Mais ce n'était pas suffisant pour arrêter la très malheureuse expérience dans laquelle Charles Million s'était engagé. Au fil du temps, la position de la Région Rhône-Alpes devenait intenable, son image se dégradait, elle perdait sa crédibilité auprès de Rhônalpins, de plus en plus nombreux à s’indigner de cette situation. La Région s'éloignait de ce que doit être une démocratie apaisée et ouverte à tous. Nous en avions bien conscience avec nos collègues socialistes et verts. Mais, sans solutions alternatives, nous étions dans l'impasse.
Comment une solution, et tout particulièrement votre candidature, a-t-elle émergé ?
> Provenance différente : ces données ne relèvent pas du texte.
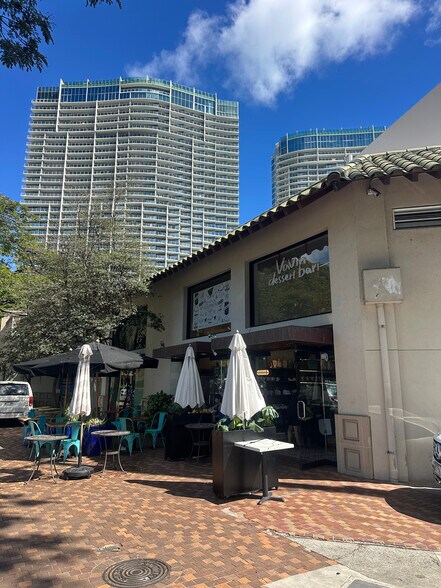 2113 Kalakaua Ave, Honolulu, HI à louer - Photo de l’immeuble – Image 2 sur 3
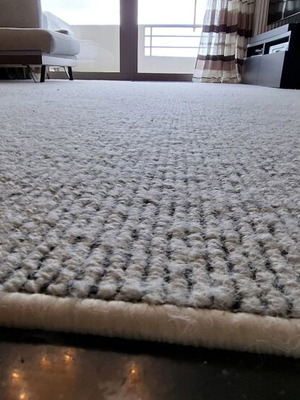 Wool rug like new, 320cm × 416cm, beige with black stripes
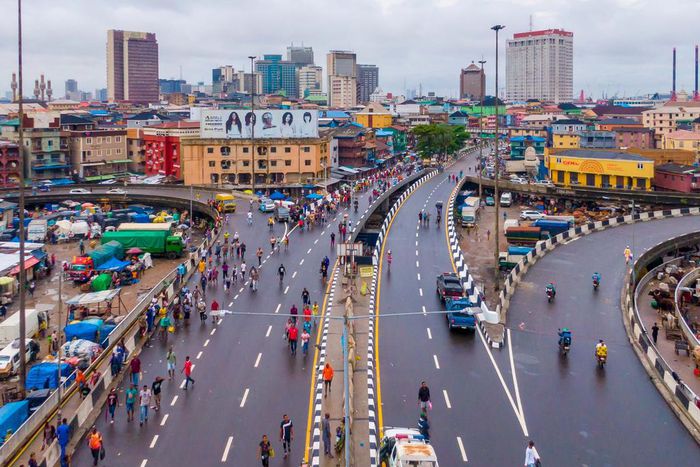FG, Lagos govt reopen Eko/Apogbon bridges after 15 months closure. [Twitter:@jidesanwoolu]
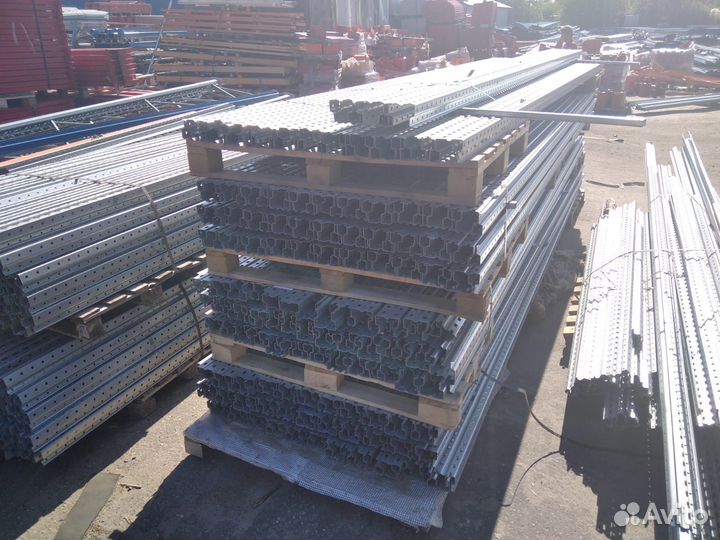 Стеллаж металлический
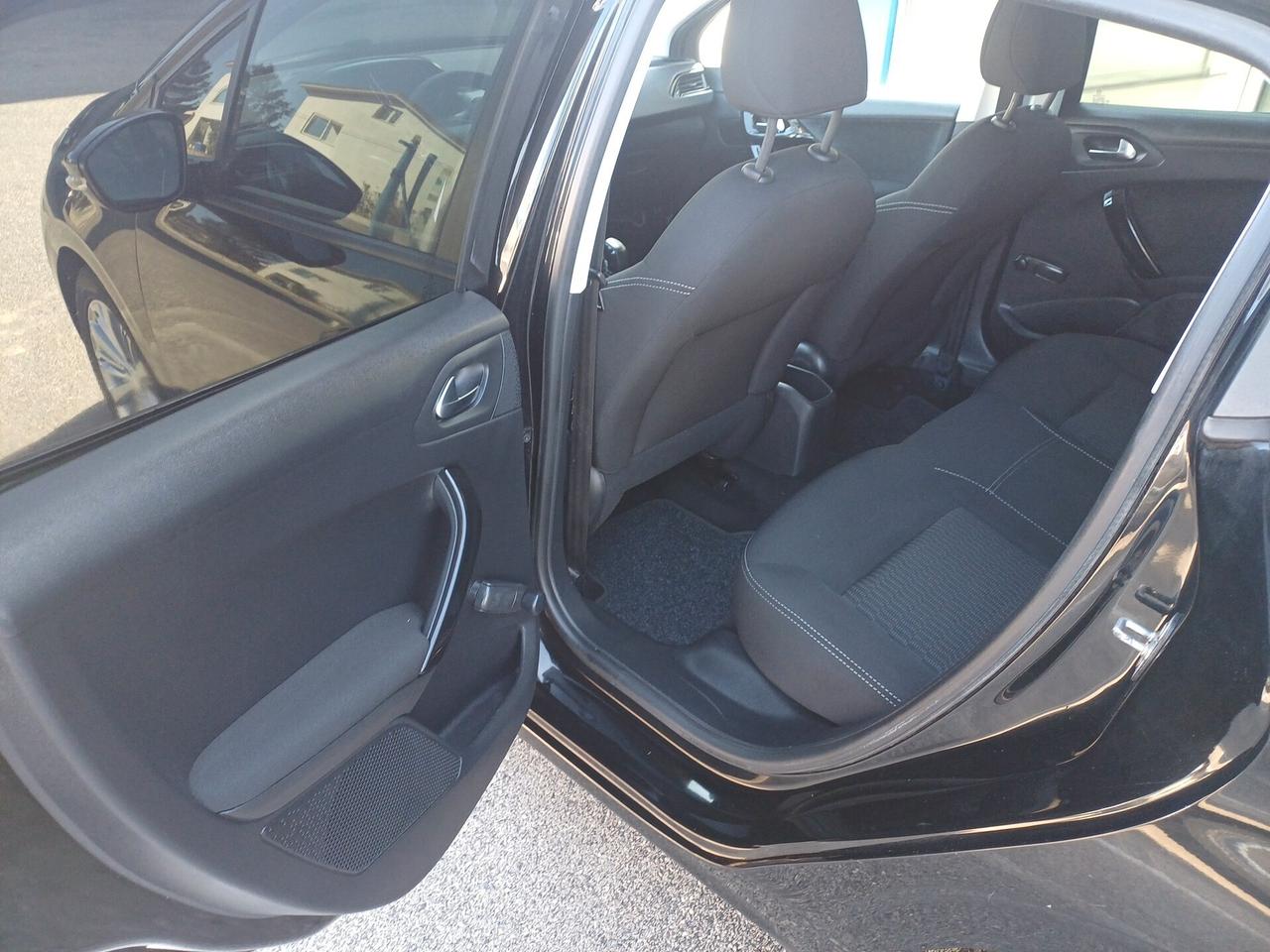 Peugeot 208 PureTech 82 5 porte Allure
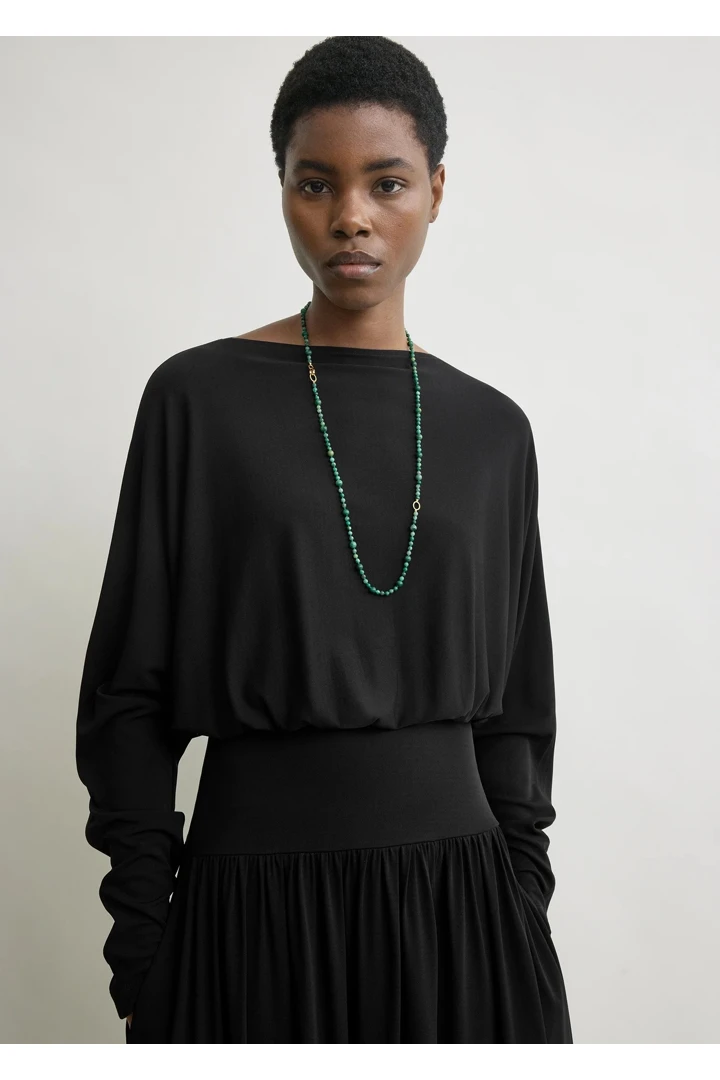 TOTEME 보트넥 저지 드레스 블랙의 블랙컬러 3번쨰 이미지입니다.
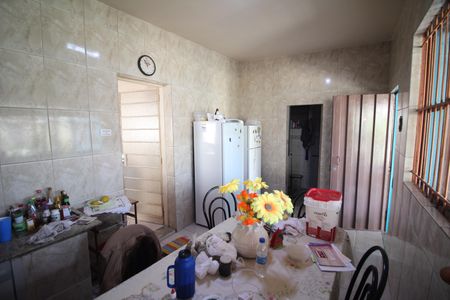 Casa à venda com 360m², 3 quartos e 3 vagasCozinha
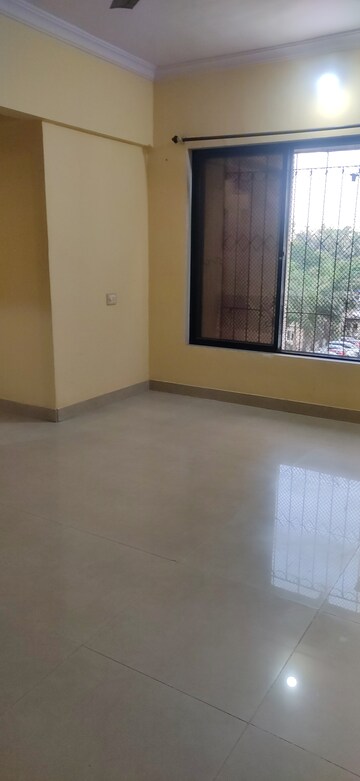 1 BHK Apartment For Rent in Borivali East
La solution est venue du Conseil d'État lorsqu’il a invalidé l’élection de Charles Million suite au recours d’Etienne Tête. Il y avait enfin un moyen de sortir de cette affaire en élisant un nouveau président, une nouvelle équipe exécutive sur la base d'un accord républicain. Un moyen pas facile, j'en conviens. Cependant, les responsables politiques au plus haut niveau s'étaient mis d'accord sur le principe. Pour nous, élus régionaux "républicains", il s'agissait de le mettre en œuvre, après que le chef d’équipe ou de cette équipée, ait été désigné. Dans cette phase de préparation de l’élection, Raymond Barre m’a fortement parrainée, tant auprès de Jacques Chirac que de Lionel Jospin.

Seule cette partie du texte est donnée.